[Your instructions]
Begin your copy at the line holding "MOZZARELLA BUFFLONNE D.O.P." and end it at the last line of the listing. Keep every line exact and leave out the pictures.

[Data shown]

.....

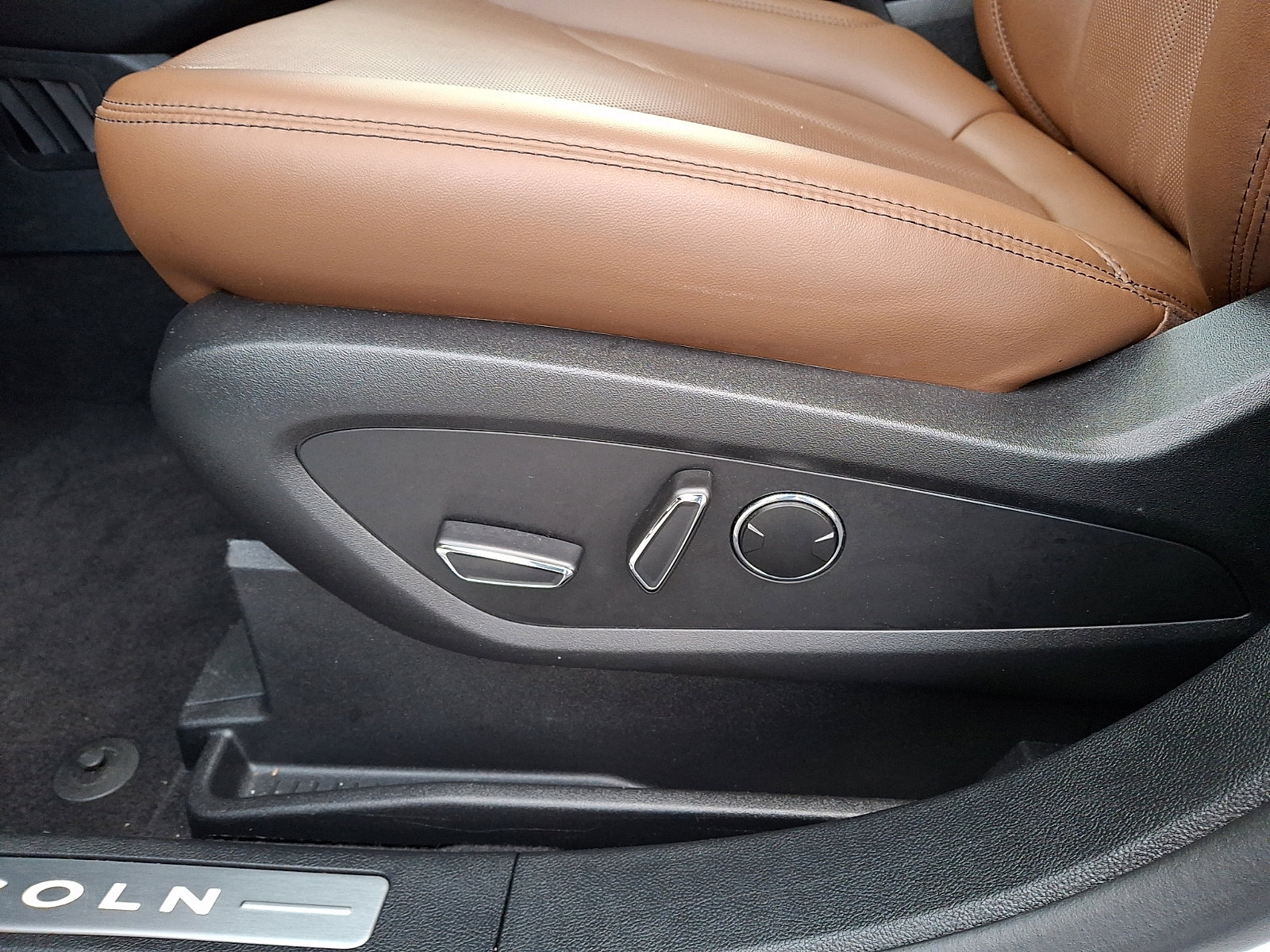 Certified 2023 Lincoln Nautilus Reserve w/ Equipment Group 201A image 15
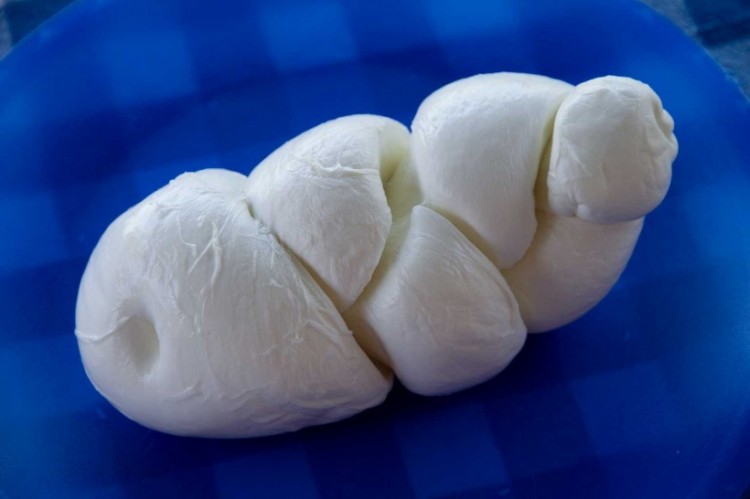 MOZZARELLA BUFFLONNE D.O.P. TRESSE 250 gr Perla del Mediterraneo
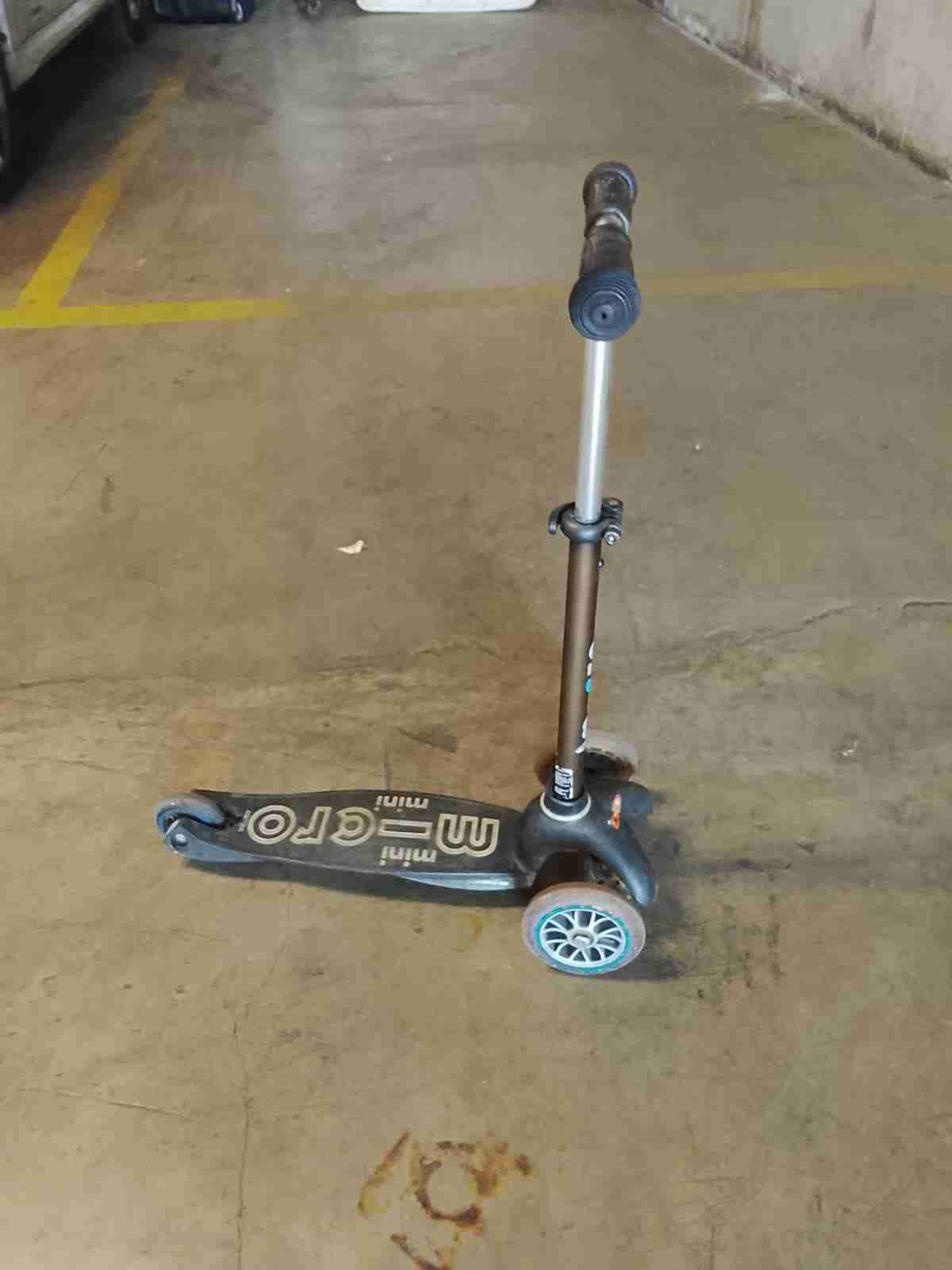 Scooter infantil micro negro - miniatura 2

.....

[Your solution]
 MOZZARELLA BUFFLONNE D.O.P. TRESSE 250 gr Perla del Mediterraneo
 Scooter infantil micro negro - miniatura 2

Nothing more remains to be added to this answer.